Les femmes sont moins susceptibles de recevoir des manoeuvres de réanimation, selon une étude

Seulement 39 % des femmes terrassées par un arrêt cardiaque dans un endroit public ont profité de manoeuvres de réanimation cardiorespiratoire.
Photo: Justin Sullivan Agence France-Presse Seulement 39 % des femmes terrassées par un arrêt cardiaque dans un endroit public ont profité de manoeuvres de réanimation cardiorespiratoire.

Un passant est moins susceptible de pratiquer des manoeuvres de réanimation sur une femme que sur un homme, et la victime est donc plus susceptible de mourir, possiblement en raison des hésitations à toucher une femme dans la région de la poitrine, indique une nouvelle étude.

Seulement 39 % des femmes terrassées par un arrêt cardiaque dans un endroit public ont profité de manoeuvres de réanimation cardiorespiratoire (RCR), comparativement à 45 % pour les hommes. Les chances de survie des hommes étaient supérieures de 23 % à celles des femmes.

Ces conclusions sont tirées de l’examen de quelque 20 000 incidents à travers les États-Unis. Cette étude est la première à se pencher sur la différence entre les hommes et les femmes au chapitre de l’aide reçue d’un passant, comparativement à l’aide des premiers répondants.

L’auteure de l’étude, Audrey Blewer de l’Université de la Pennsylvanie, a expliqué qu’il peut être « intimidant » de pousser « fort et vite » en plein centre de la poitrine d’une femme, et que certains secouristes pourront craindre « de lui faire mal ».

Les secouristes pourront aussi hésiter à déplacer les vêtements d’une femme pour obtenir un meilleur accès, ou à toucher ses seins pour pratiquer la RCR, mais des manoeuvres effectuées correctement « n’impliquent pas cela », a assuré un autre auteur de l’étude, le docteur Benjamin Abella, puisque les mains sont normalement placées sur le sternum, au centre de la poitrine et entre les seins.

Cette étude a été présentée dimanche lors d’une conférence de la Société américaine du coeur.


Meilleures chances de survie

Plus de 350 000 Américains sont victimes chaque année d’un arrêt cardiaque ailleurs qu’à l’hôpital. Environ 90 % des victimes meurent, mais la RCR peut doubler ou tripler les chances de survie.
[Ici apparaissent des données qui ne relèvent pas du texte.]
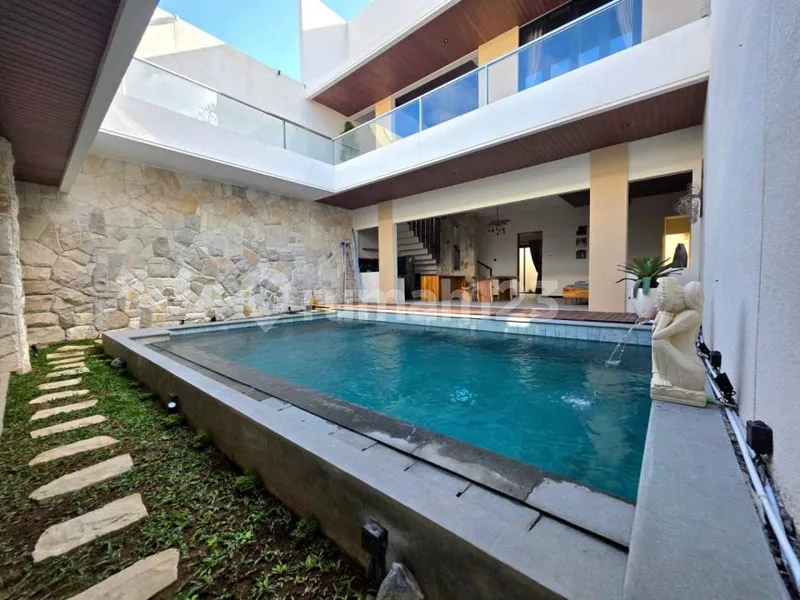 Brand New Ocean View Villa di Ungasan Akses.mudah Kemana Mana - Bali in Bali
Aucune différence n’a été constatée entre les hommes et les femmes en ce qui a trait à la RCR pratiquée à la maison, un environnement dans lequel le secouriste est plus susceptible de connaître la victime.

1 commentaire
  • Bernard Terreault - Abonné 14 novembre 2017 08 h 55

    Pudibonderie, quand tu nous tiens !

    Hésiter à sauver une vie pour ne pas risquer de se faire accuser de sévice sexuel? Peut-on en finir avec cette fixation sur la poitrine féminine? Un don de la Nature pour nourrir les bébés, et aussi une des composantes de l'attrait tout à fait normal et naturel entre individus hétérosexuels. Pourquoi le cacher, pourquoi capoter?